Copy exactly, and only, the lines between the start of the entries below and the line containing "Protesta contra Parque", both inclusive. Omit pictures.

# [Data supplied]
• • • • • • •

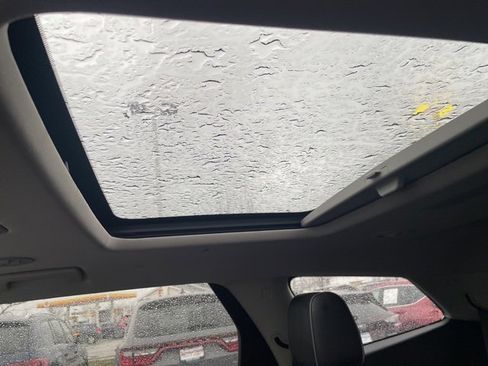 Used 2020 Buick Enclave Avenir w/ Avenir Technology Package image 5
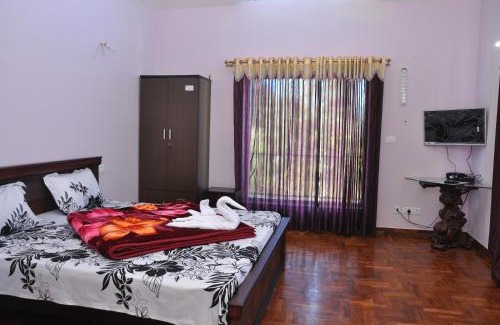 Kodaikanal Villa | Master -Hill Valley Cottage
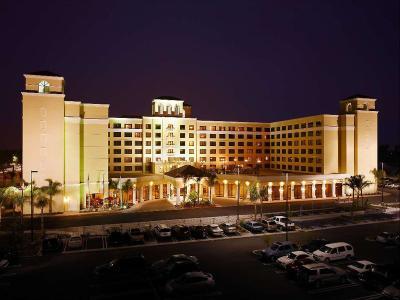 DoubleTree Suites by Hilton Hotel Anaheim Resort - Convention Center - Bild 3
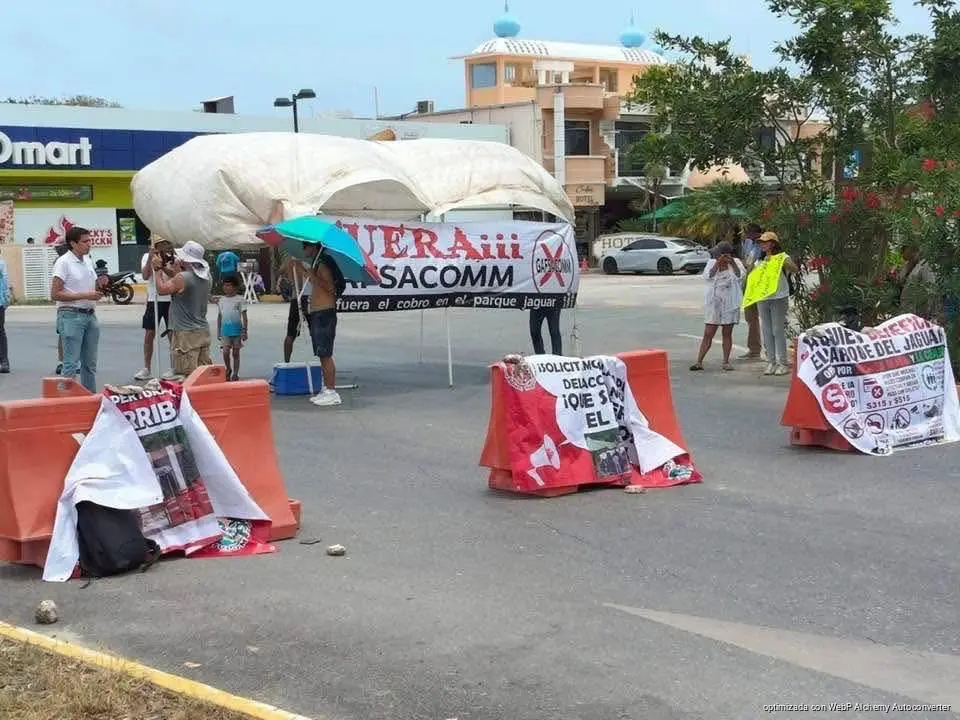 Protesta contra Parque del Jaguar desata caos vial En la carretera 307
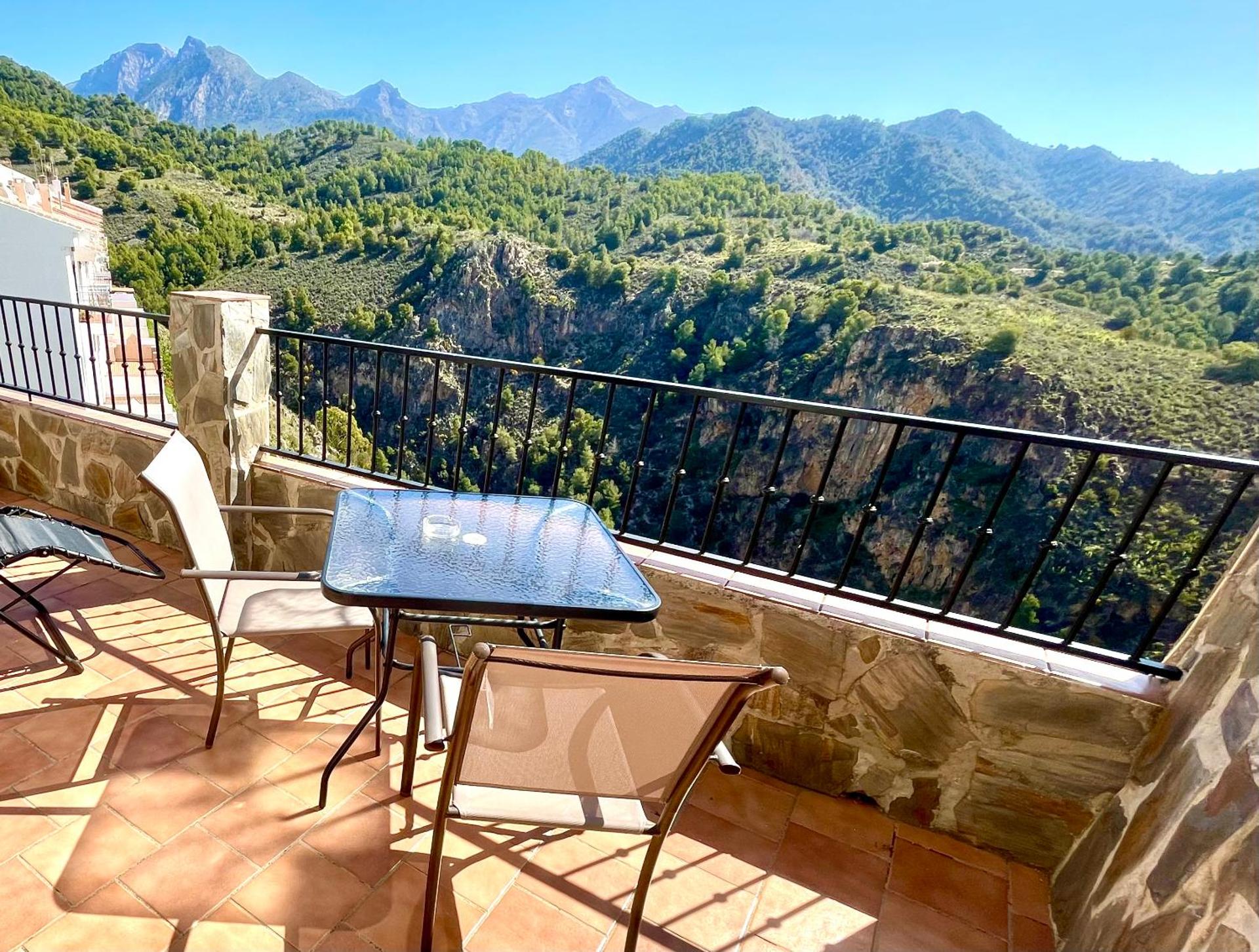 Apartamentos Axarquia , Frigiliana, terraza privada con vistas a la montaña rio y al mar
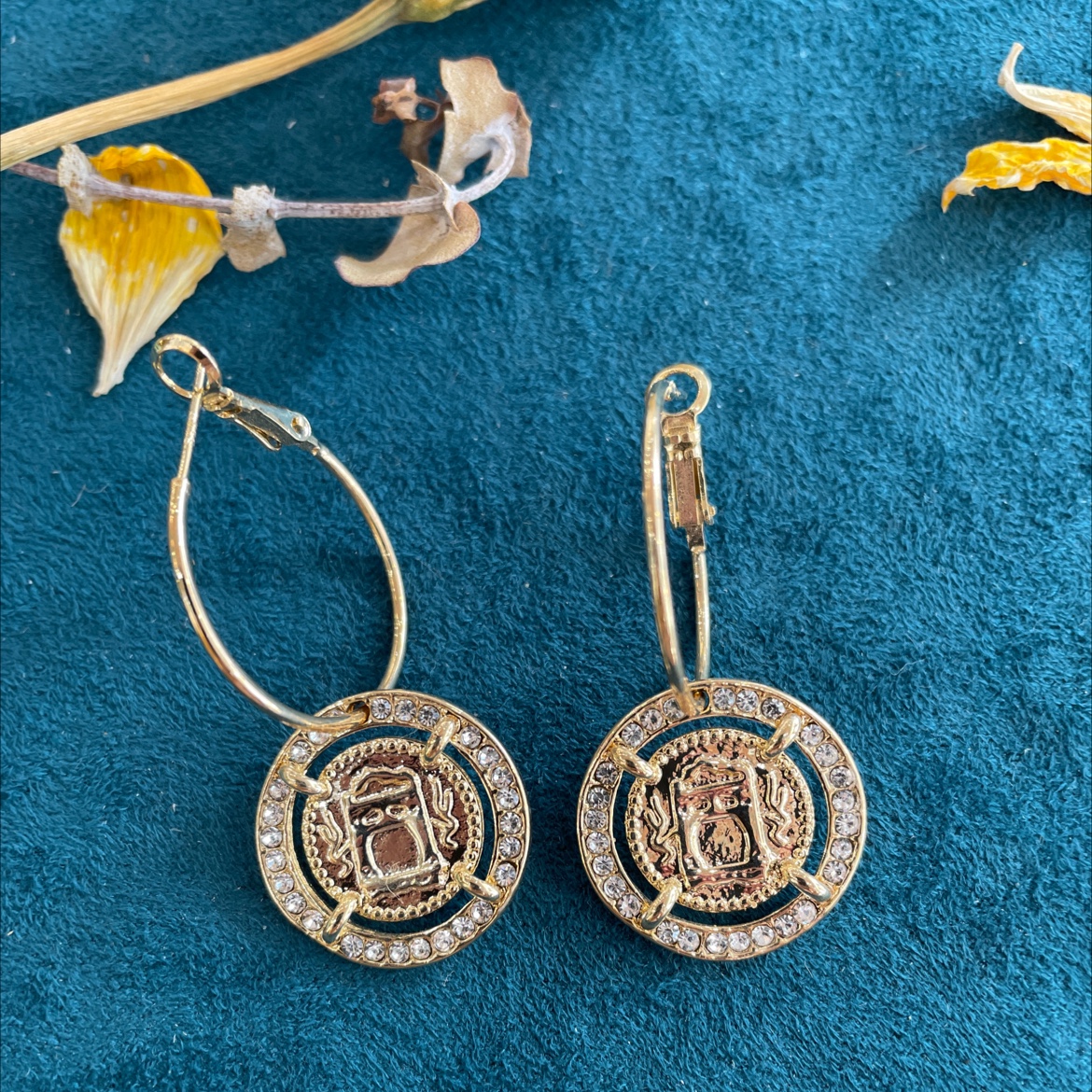 Yudie's new French retro portrait earrings, a light luxury and simple style s925 silver needle earrings Application Scenario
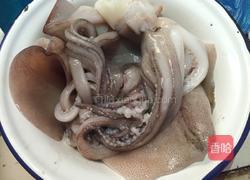 青椒炒鱿鱼的做法图解1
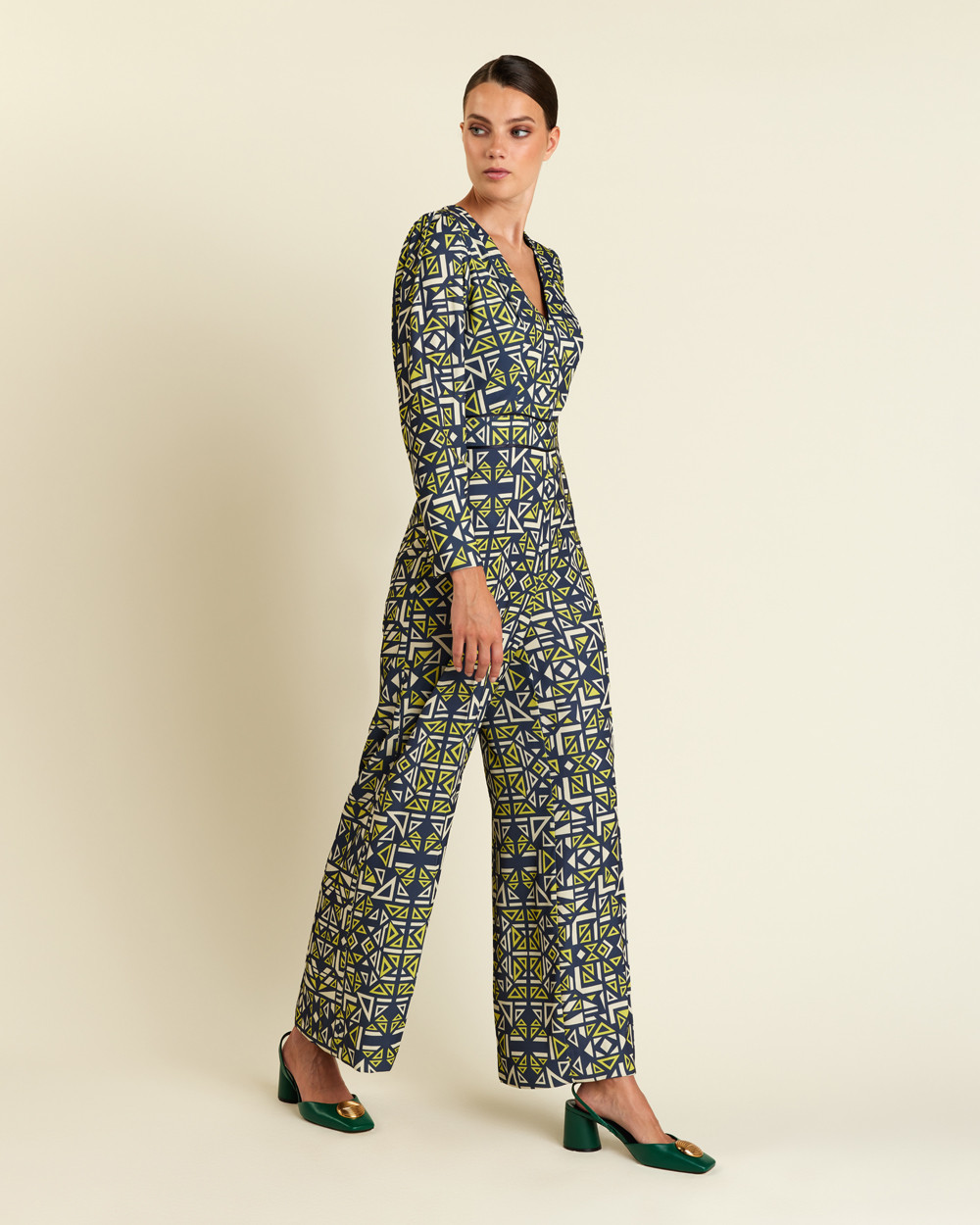 Ολόσωμη φόρμα με γεωμετρικά σχέδια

• • • • • • •

# [The completed task]
 Used 2020 Buick Enclave Avenir w/ Avenir Technology Package image 5
 Kodaikanal Villa | Master -Hill Valley Cottage
 DoubleTree Suites by Hilton Hotel Anaheim Resort - Convention Center - Bild 3
 Protesta contra Parque del Jaguar desata caos vial En la carretera 307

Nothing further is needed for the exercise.